-- INPUT FOR THIS TASK follows --

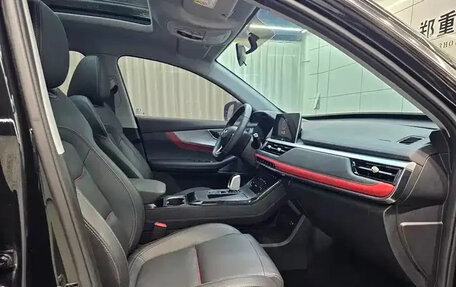 Chery Tiggo 7, 2022 год, 1 124 000 рублей, 12 фотография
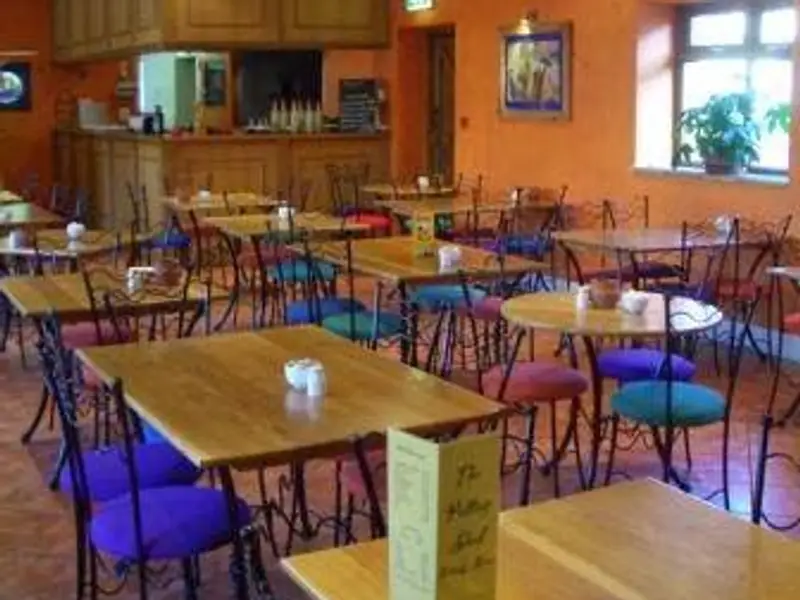 The Potting Shed cafe/restaurant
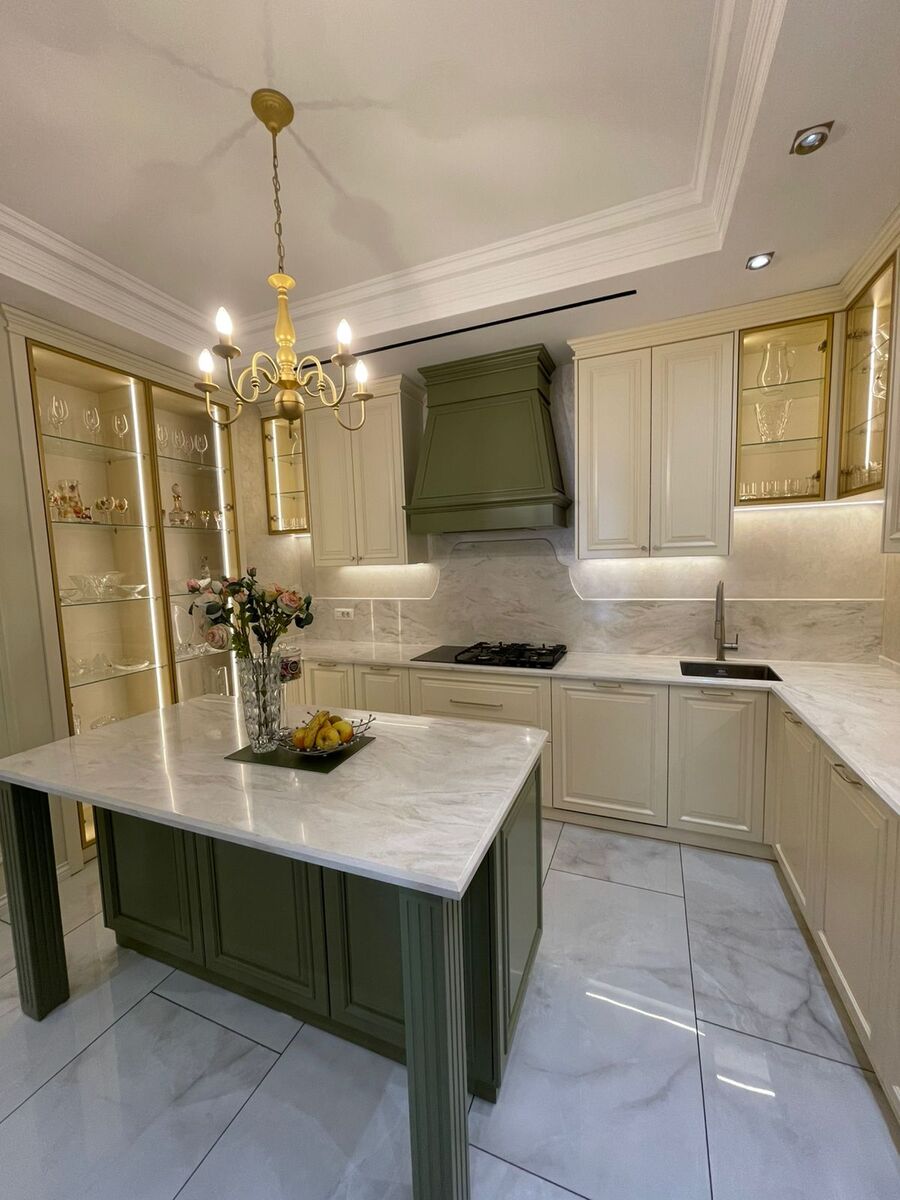 Satılır 4 otaqlı yeni tikili 156 m² — Mənzil, Bakı (7)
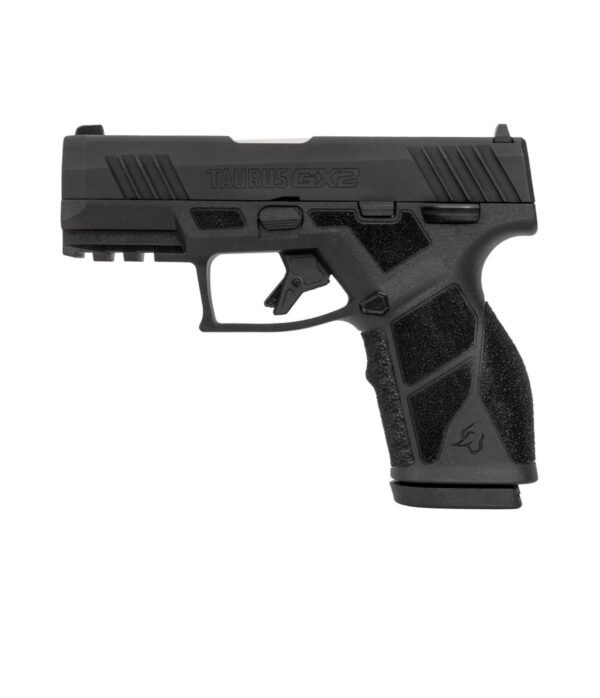 TAURUS GX2 9MM 3.38" 10RDS, BLACK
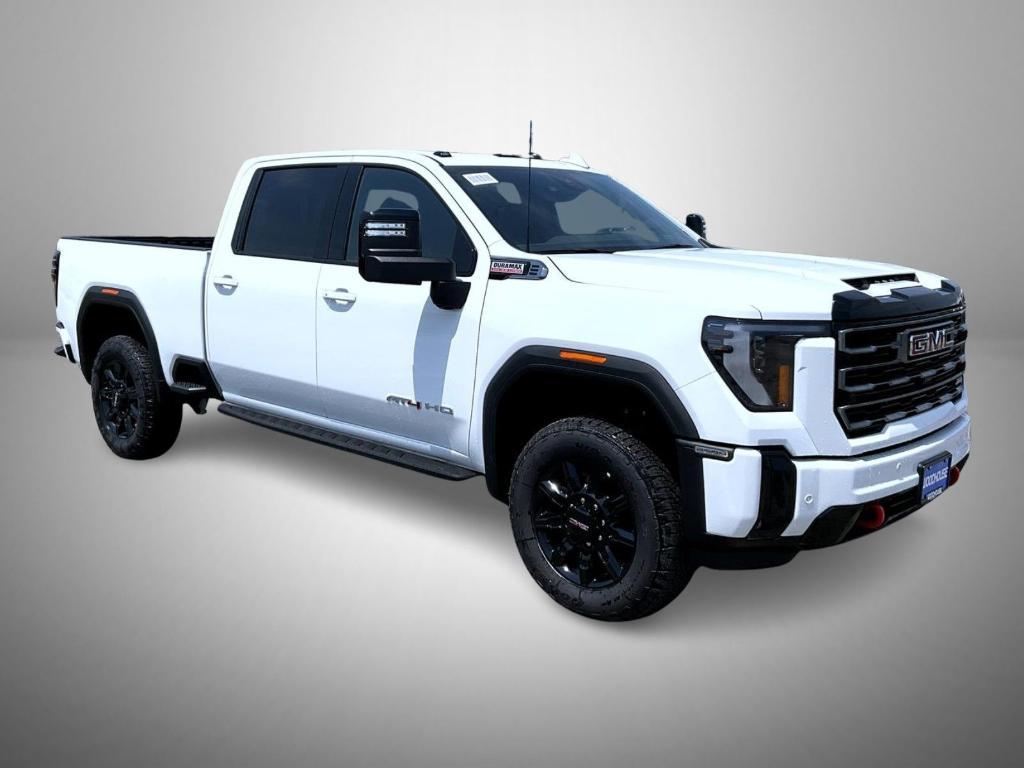 new 2025 GMC Sierra 2500 car, priced at $83,268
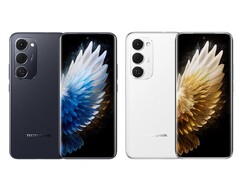 Spark 40 Pro Plus: Neues, eher günstigeres Smartphone (Bildquelle: Tecno)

-- INPUT FOR THIS TASK concluded --

Output the records above exactly, omitting the pictures.

YOUR SOLUTION:
 Chery Tiggo 7, 2022 год, 1 124 000 рублей, 12 фотография
 The Potting Shed cafe/restaurant
 Satılır 4 otaqlı yeni tikili 156 m² — Mənzil, Bakı (7)
 TAURUS GX2 9MM 3.38" 10RDS, BLACK
 new 2025 GMC Sierra 2500 car, priced at $83,268
 Spark 40 Pro Plus: Neues, eher günstigeres Smartphone (Bildquelle: Tecno)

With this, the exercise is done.